Transcribe the listing in full, word for word; pictures do not belong in the copy.

§ Material provided
_ _ _ _ _

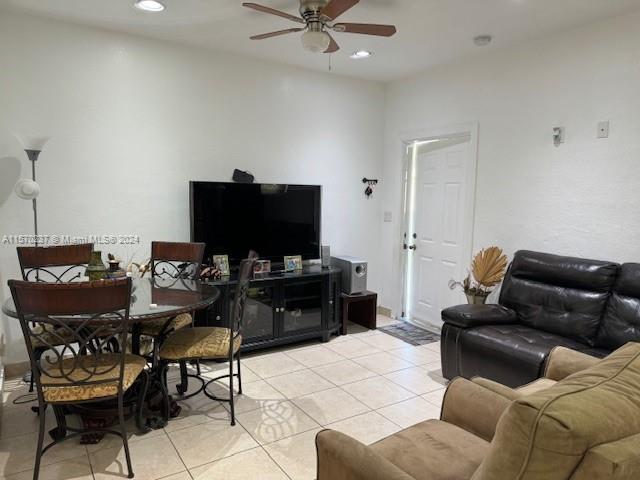 16980 SW 297th St A, Homestead, Florida 33030, 2 Bedrooms Bedrooms, ,1 BathroomBathrooms,Residentiallease,For Rent,16980 SW 297th St A,A11570237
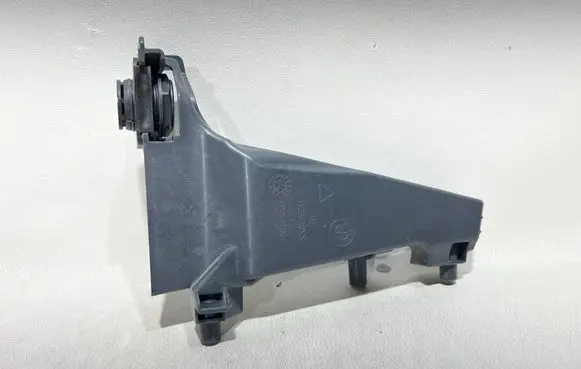 BMW 5 G30 G31 G38 Radiator mount bracket 1126420XX
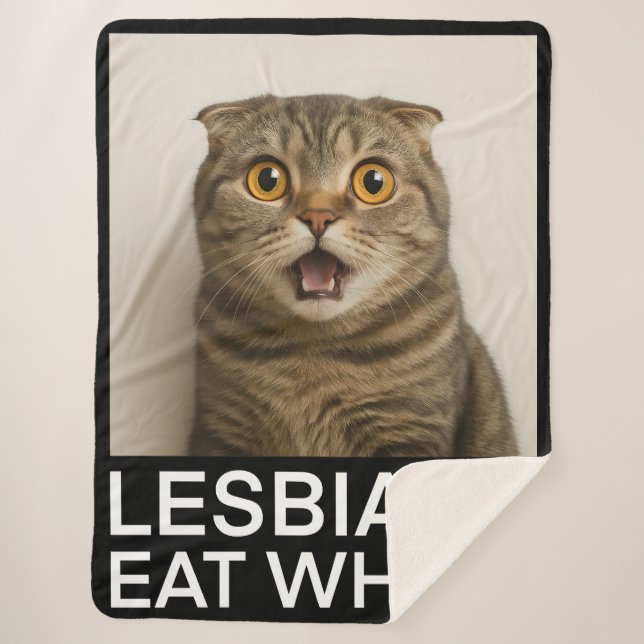 Cobertor Sherpa Lesbians Eat What Funny (Frente)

_ _ _ _ _

§ Answer below
 16980 SW 297th St A, Homestead, Florida 33030, 2 Bedrooms Bedrooms, ,1 BathroomBathrooms,Residentiallease,For Rent,16980 SW 297th St A,A11570237
 BMW 5 G30 G31 G38 Radiator mount bracket 1126420XX
 Cobertor Sherpa Lesbians Eat What Funny (Frente)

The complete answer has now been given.